### Exercise instructions
Pictures are to be left out, but please repeat each record exactly.

### Given records
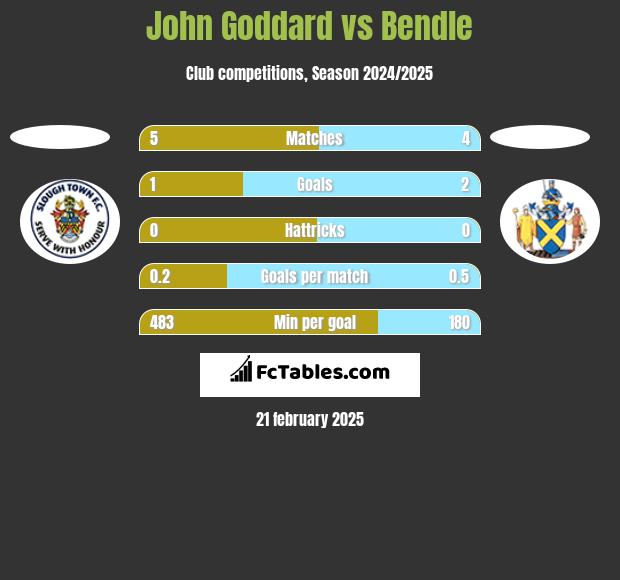 John Goddard vs Bendle h2h player stats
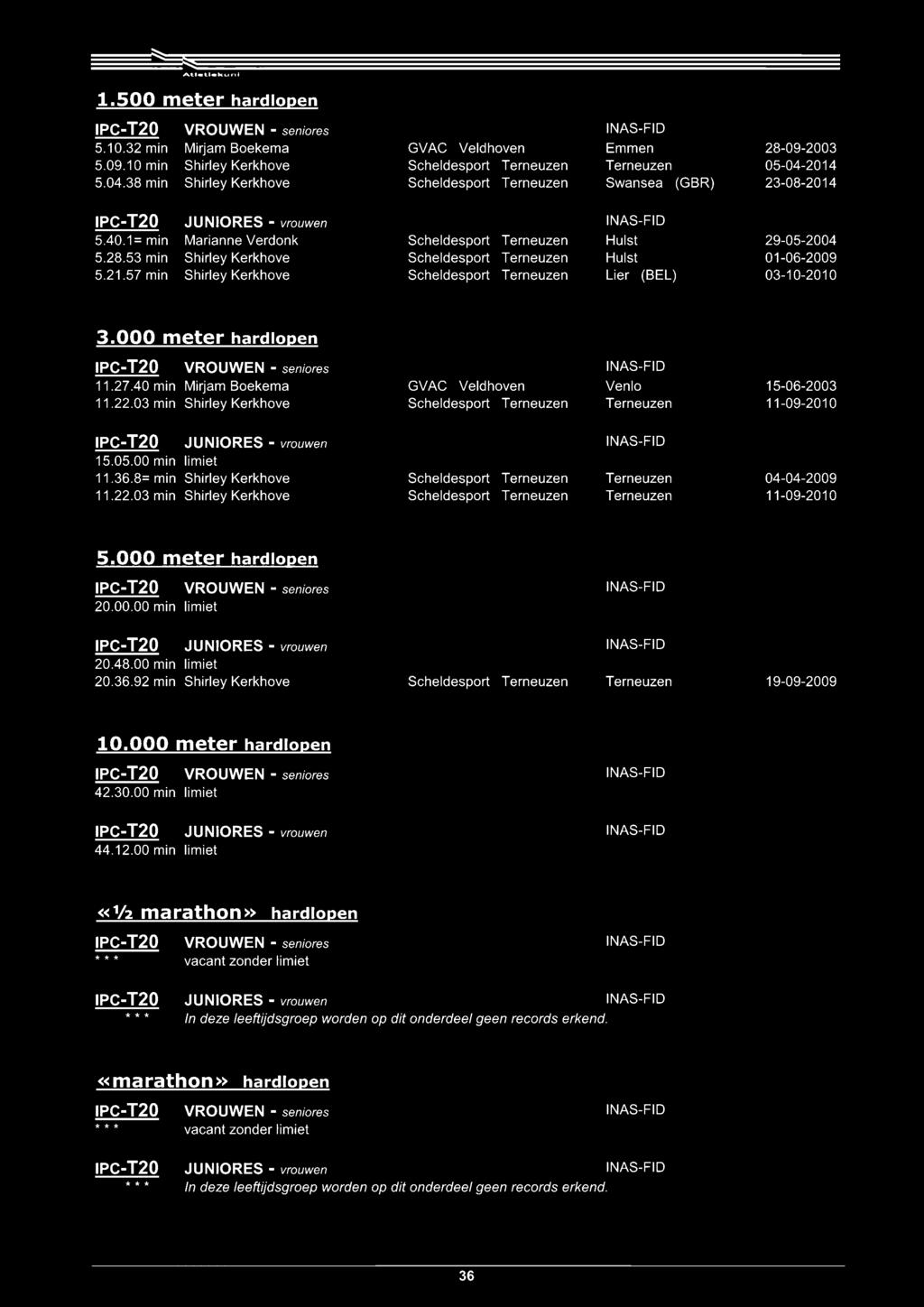 000 meter hardlopen IPC-T20 VROUWEN - seniores 11.27.40 min Mirjam Boekema 11.22.03 min Shirley Kerkhove GVAC Veldhoven Venlo Terneuzen 15-06-2003 11-09-2010 IPC-T20 JUNIORES - vrouwen 15.05.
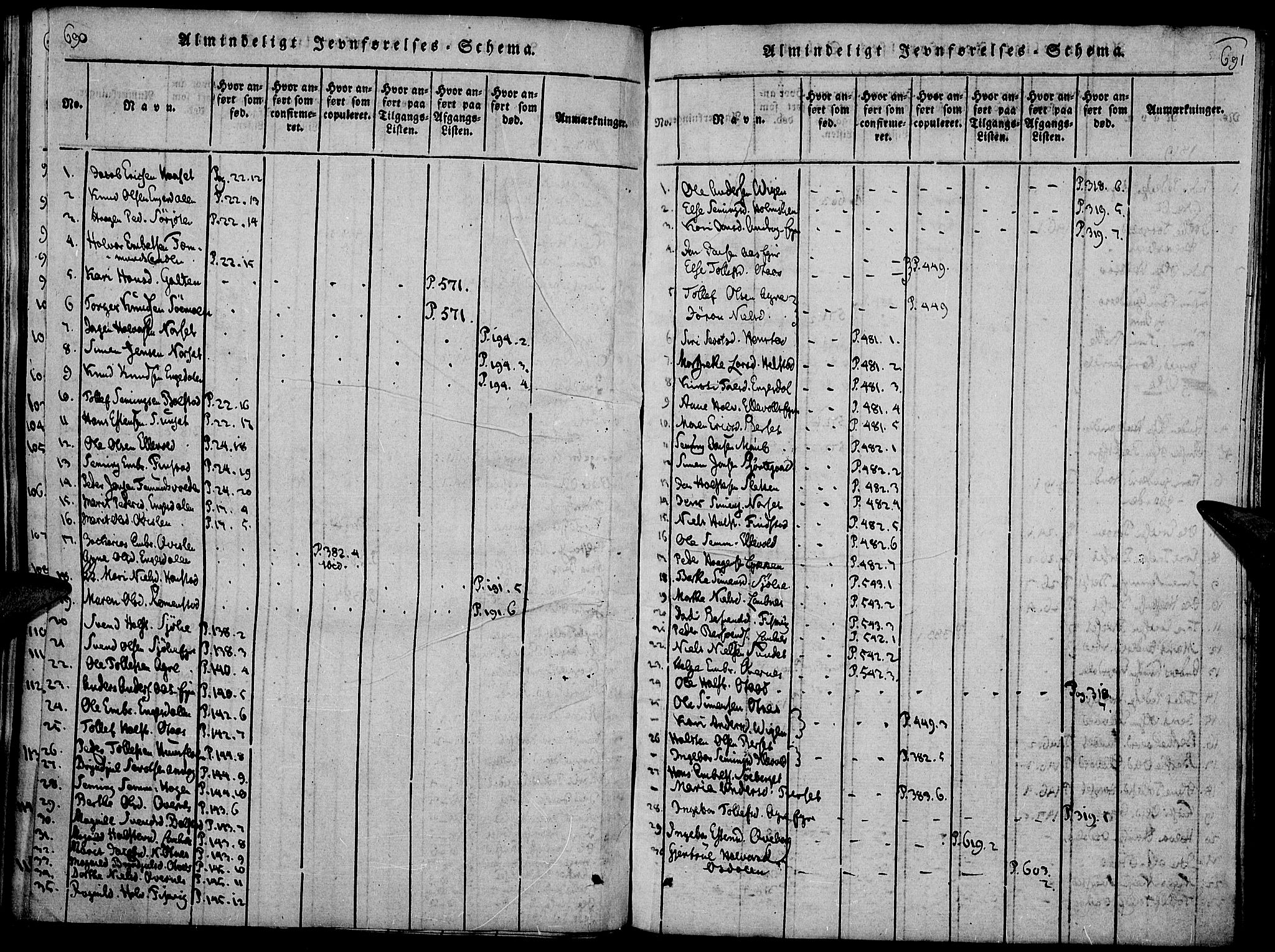 Rendalen prestekontor, SAH/PREST-054/H/Ha/Haa/L0003: Parish register (official) no. 3, 1815-1829, p. 690-691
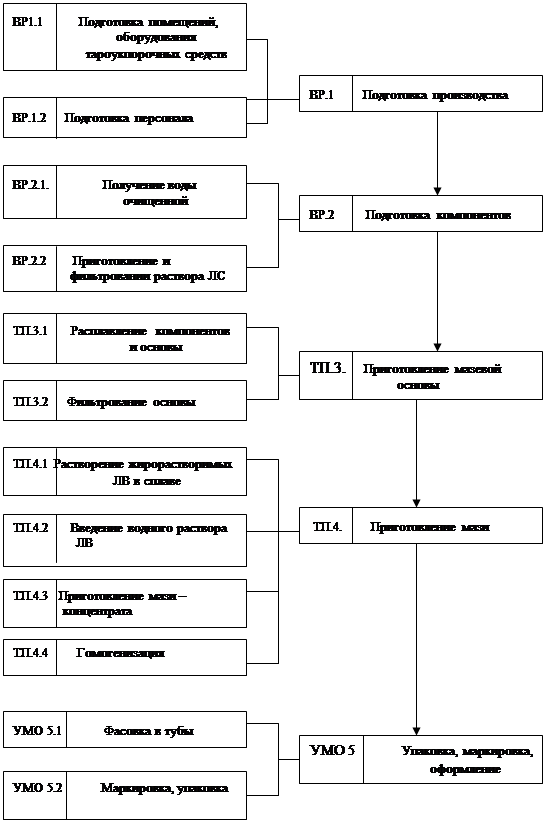 Технологическая схема производства таблеток покрытых пленочной оболочкой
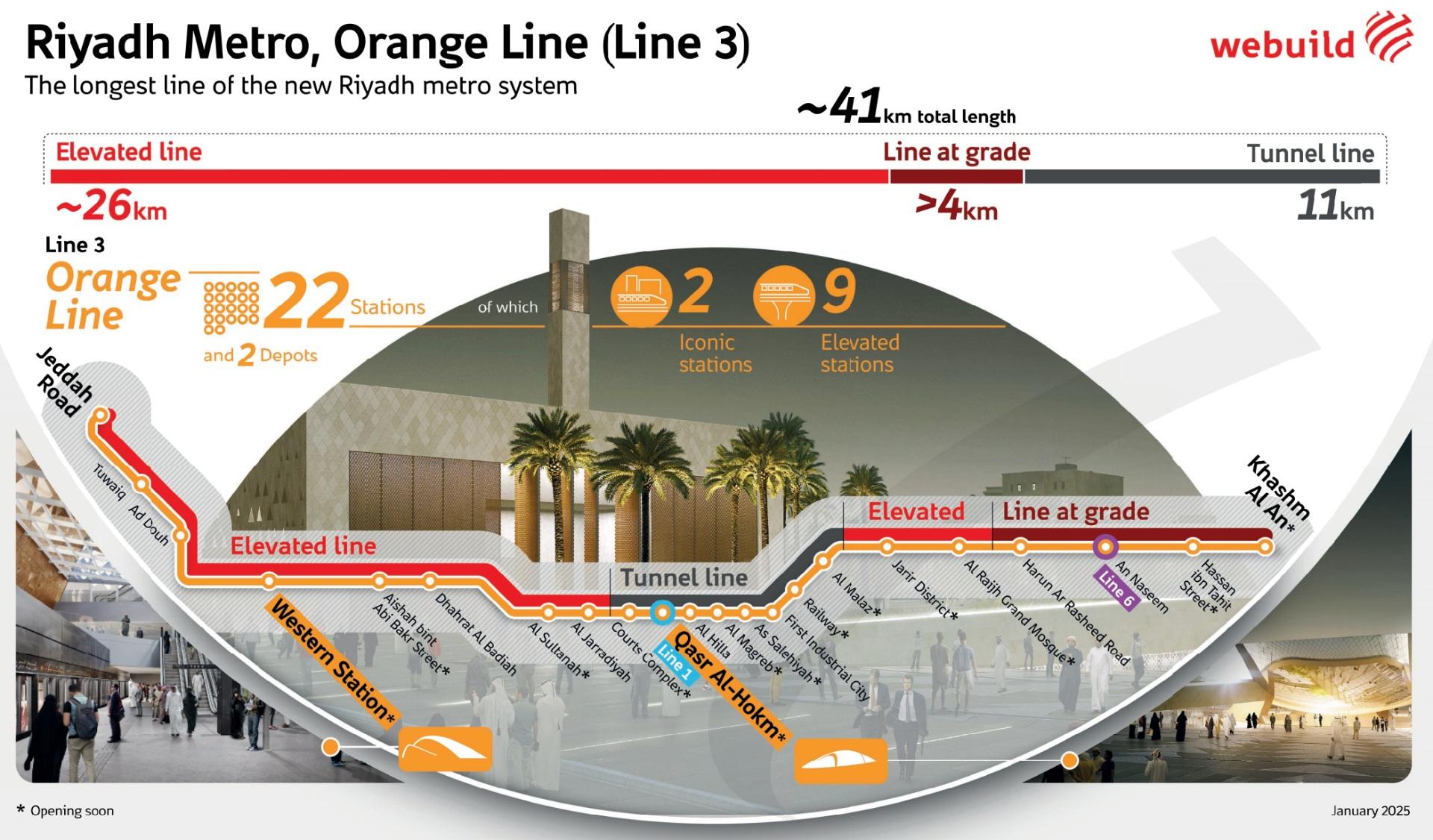 Line 7 Riyadh Webuild: four new stations open to the public on Riyadh Metro Orange ...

### Solution to the exercise
 John Goddard vs Bendle h2h player stats
 000 meter hardlopen IPC-T20 VROUWEN - seniores 11.27.40 min Mirjam Boekema 11.22.03 min Shirley Kerkhove GVAC Veldhoven Venlo Terneuzen 15-06-2003 11-09-2010 IPC-T20 JUNIORES - vrouwen 15.05.
 Rendalen prestekontor, SAH/PREST-054/H/Ha/Haa/L0003: Parish register (official) no. 3, 1815-1829, p. 690-691
 Технологическая схема производства таблеток покрытых пленочной оболочкой
 Line 7 Riyadh Webuild: four new stations open to the public on Riyadh Metro Orange ...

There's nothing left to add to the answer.